Work to be completed:
The answer is the set of lines that include "Size", copied from the data below.

START Provided entries

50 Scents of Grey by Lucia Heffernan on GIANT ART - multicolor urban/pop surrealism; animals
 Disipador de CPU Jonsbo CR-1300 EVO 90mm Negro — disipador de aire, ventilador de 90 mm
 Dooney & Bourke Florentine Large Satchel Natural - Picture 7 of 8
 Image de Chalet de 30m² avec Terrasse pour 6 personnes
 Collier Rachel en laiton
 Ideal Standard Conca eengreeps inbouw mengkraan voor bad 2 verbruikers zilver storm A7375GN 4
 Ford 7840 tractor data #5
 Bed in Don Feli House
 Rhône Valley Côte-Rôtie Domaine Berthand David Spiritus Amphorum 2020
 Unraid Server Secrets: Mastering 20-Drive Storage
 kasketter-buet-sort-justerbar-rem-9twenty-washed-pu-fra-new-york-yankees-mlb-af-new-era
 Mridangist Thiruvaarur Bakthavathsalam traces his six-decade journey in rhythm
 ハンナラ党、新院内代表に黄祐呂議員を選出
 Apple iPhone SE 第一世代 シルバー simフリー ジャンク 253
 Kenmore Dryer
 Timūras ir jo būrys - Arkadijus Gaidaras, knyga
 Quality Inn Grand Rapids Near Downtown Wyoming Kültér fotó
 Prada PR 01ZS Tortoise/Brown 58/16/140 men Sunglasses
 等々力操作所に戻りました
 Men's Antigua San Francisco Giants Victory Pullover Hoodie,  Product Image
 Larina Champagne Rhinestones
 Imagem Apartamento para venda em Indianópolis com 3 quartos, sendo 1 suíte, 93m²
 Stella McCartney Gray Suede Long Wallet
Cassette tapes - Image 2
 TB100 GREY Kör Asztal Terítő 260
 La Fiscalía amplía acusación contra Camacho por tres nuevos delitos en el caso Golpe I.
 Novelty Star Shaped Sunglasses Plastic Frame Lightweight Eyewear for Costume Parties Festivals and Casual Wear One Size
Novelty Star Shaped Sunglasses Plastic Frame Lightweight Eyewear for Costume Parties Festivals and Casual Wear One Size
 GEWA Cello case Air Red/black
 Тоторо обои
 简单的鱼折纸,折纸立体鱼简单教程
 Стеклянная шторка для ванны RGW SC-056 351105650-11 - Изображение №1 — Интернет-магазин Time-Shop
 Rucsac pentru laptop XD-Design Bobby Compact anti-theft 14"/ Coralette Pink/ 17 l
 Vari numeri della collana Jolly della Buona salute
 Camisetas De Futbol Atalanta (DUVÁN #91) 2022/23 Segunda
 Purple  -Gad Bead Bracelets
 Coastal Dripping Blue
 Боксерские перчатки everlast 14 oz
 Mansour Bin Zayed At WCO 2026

END Provided entries

Solved exercise:
 Novelty Star Shaped Sunglasses Plastic Frame Lightweight Eyewear for Costume Parties Festivals and Casual Wear One Size
Novelty Star Shaped Sunglasses Plastic Frame Lightweight Eyewear for Costume Parties Festivals and Casual Wear One Size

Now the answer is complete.